### Instructions for the task
Pictures stay out of the copy. Repeat exactly the lines from the first entry below through the line that contains "Welcome back to", and nothing beyond.

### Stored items
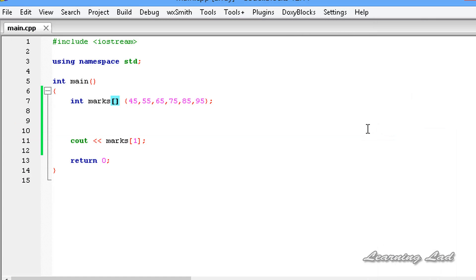Alright, this is the introduction to arrays. Arrays are nothing but a collection of similar elements, and they help us store similar values under one name. Thank you for watching and don't forget to subscribe — I will see you in the next tutorial.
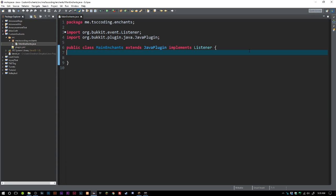Welcome back to The Source Code, my name is Deshaun and today we're going to be looking at custom enchants. This will be a longer video because there's a lot to go over. There are a couple of ways you can do this — you can make a class that extends Enchantment, or you can do a simple fake enchant where you add lore to an item and check if that lore exists on the item. Today we'll go with extending Enchantment.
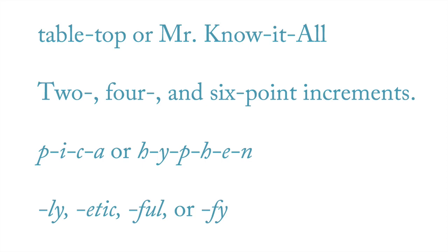The third line uses hyphens to separate letters to indicate that the word, two words in this case, are being spelled out. Read aloud, the text would be P-I-C-A or H-Y-P-H-E-N. Lastly, suffixes listed out also receive hyphens to indicate that they are suffixes that something would normally be written before them.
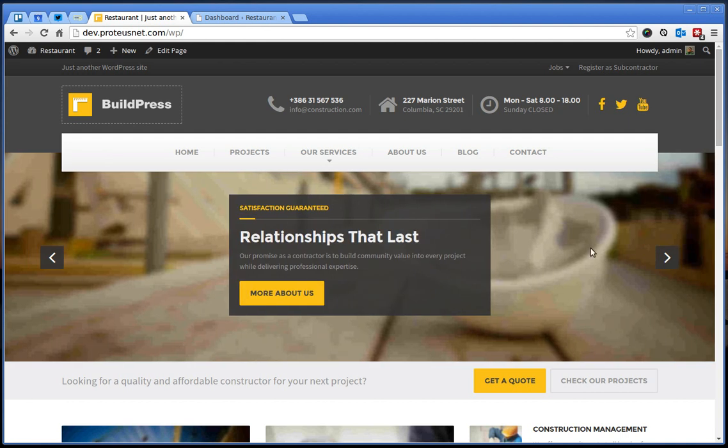Hello, this is Primo Zagraim from Proteus Teams. In the previous video I have shown how to install and import the demo content to our latest theme called BuildPress.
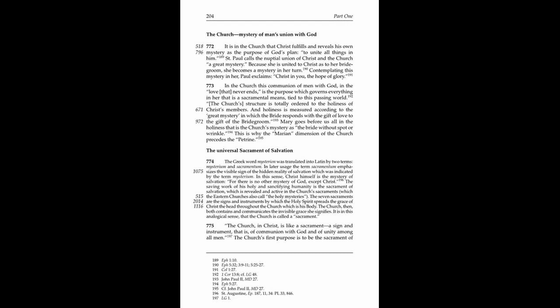The Church, then, both contains and communicates the invisible grace she signifies. It is in this analogical sense that the Church is called a sacrament.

### Output below
Alright, this is the introduction to arrays. Arrays are nothing but a collection of similar elements, and they help us store similar values under one name. Thank you for watching and don't forget to subscribe — I will see you in the next tutorial.
Welcome back to The Source Code, my name is Deshaun and today we're going to be looking at custom enchants. This will be a longer video because there's a lot to go over. There are a couple of ways you can do this — you can make a class that extends Enchantment, or you can do a simple fake enchant where you add lore to an item and check if that lore exists on the item. Today we'll go with extending Enchantment.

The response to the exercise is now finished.